Bluebird arrives in the latest, weekly instalment of the epic Batman Eternal story arc.Batman Eternal #42 offers:
- Artwork with good use of body language and perspective
- Contrast between two character to raise themes of control and Agency
- References to Alice in Wonderland, a classic story featuring a female protagonist
This review contains minor character spoilers for Batman Eternal #42
The moment where the story shifts gear is captured when Harper Row dons a new hat. Body language and perspective contrast Harper Row and Stephanie Brown.
A powerful moment in the artwork takes place at a key turning point in the narrative. Harper Row dons the Mad Hatter’s green hat, taking his power away, and taking control of the army of slaves that he has under his thrall. A full page is devoted to Harper Row – now using the identity BlueBird – striking a pose, while tipping her newly own hat. She faces the reader,
tipping her hat, probably as a greeting gesture, since this is the first time she is using her new identity.
The artwork also contrasts Harper Row and Stephanie Brown. Row leaps onto the rooftop of the Mad Hatters Headquarters. Brown wakes up in a pristine bedroom.
Stephanie Brown’s house is eerily clean. The washed out peach light spread across the panels adds an unnerving tone to all the scenes where she interacts with her mother.
The body language drawn into the comic establishes themes of control. Harper row is confident, and snatches control from the Mad Hatter. Stephanie is drawn with forced perspective to appear smaller than the other characters around her.

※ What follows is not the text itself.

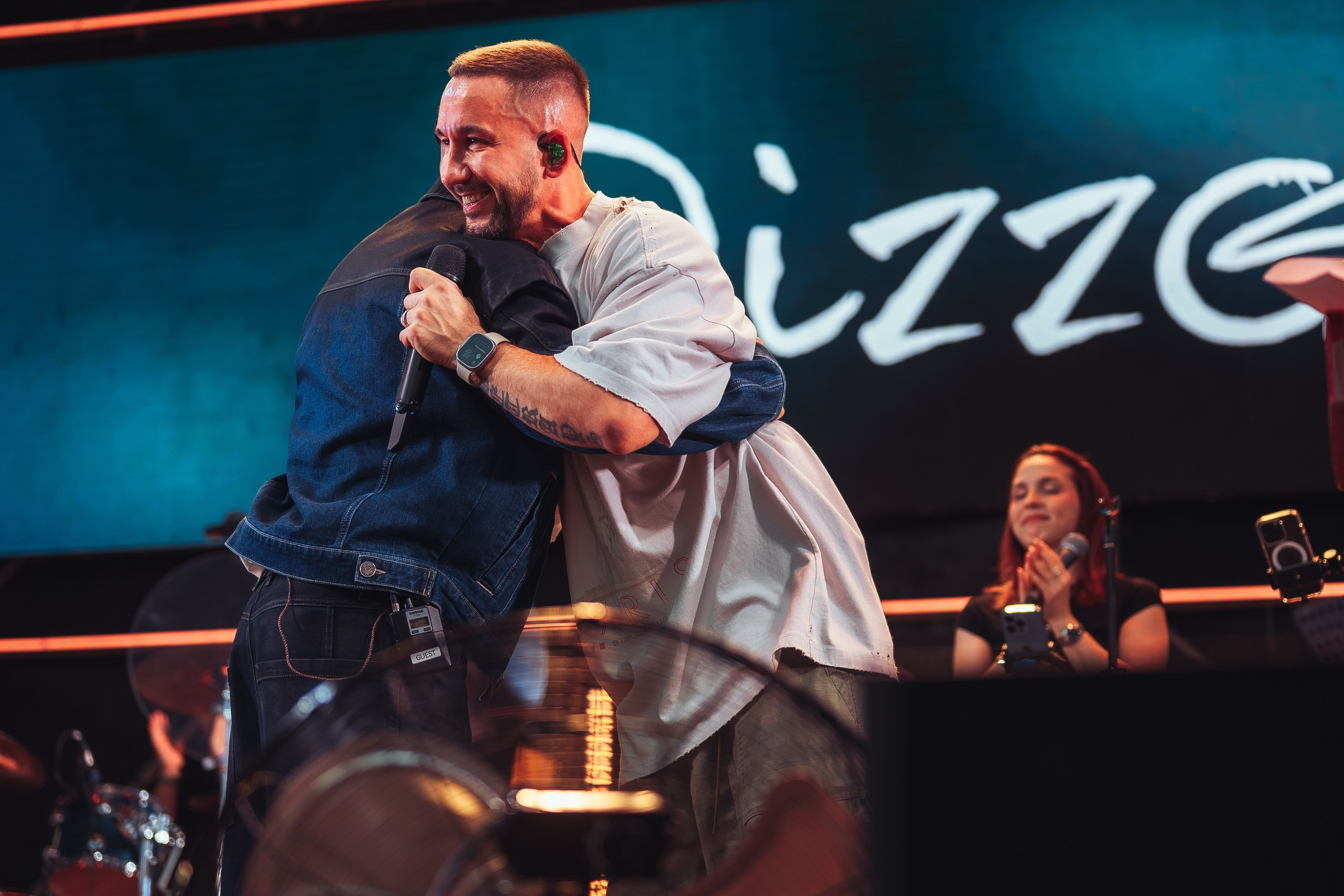 Pizza — репортажная съёмка. Иван Кубик — фотограф и видеограф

Harper Row as Bluebird, and Selina Kyle as the new Kingpin – Queen – of crime both
have strong moments. Bluebird informs Red Robin it’s laughable that he could influence her: she choses when to act, and when not to.
Harper Row debut’s her new identity: Bluebird. This debut marks a turning point for the character, and ties into a plot point woven into the New 52 Batman storytelling back in Batman #28, which contained a small flash forward into the storyline of Batman Eternal. With this issue, the storytelling connects and catches up with those events.

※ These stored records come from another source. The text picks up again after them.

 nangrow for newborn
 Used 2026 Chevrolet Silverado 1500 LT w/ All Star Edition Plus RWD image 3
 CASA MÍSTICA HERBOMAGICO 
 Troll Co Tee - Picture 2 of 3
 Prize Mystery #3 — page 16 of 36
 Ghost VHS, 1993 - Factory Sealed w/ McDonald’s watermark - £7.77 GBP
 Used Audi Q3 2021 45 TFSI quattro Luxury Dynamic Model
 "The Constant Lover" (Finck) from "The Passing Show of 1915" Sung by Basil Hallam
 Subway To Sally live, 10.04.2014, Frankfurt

The comic also explains how the Catwoman captured Stephanie Brown, and held her hostage. Selina Kyle appears in this issue to take Brown prisoner.

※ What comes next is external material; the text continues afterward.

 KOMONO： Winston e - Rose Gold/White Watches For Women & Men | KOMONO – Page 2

Red Robin also has a discussion with Bluebird about how much influence he had on her decision to act against the Mad Hatter’s plans. She says it is laughable that he influenced her: she chose to act, and makes her own decisions. Again, Harper Row takes control, and shows agency.
Themes of control are brought out in The Mad Hatter’s plan, and through contrasting
Row and Brown. With reference to Alice in Wonderland, the comic explores female protagonists with agency. It is likely Stephanie Brown will follow Harper Row, and similar build her own identity to reclaim control.
There’s a theme of control here. Including the Mad Hatter as the villain also adds an over-arching Alice in Wonderland theme to the storytelling.
Considering Brown is literally smothered by Catwoman‘s knockout chemical (soaked into a rag), and Harper Row takes the Hatter’s hat, and wears it herself, the contrast highlights the power of decision making, agency, and taking control. These two characters are opposites in this issue: one is empowered by her actions, and breaks out into a new identity. The other is controlled, and held down.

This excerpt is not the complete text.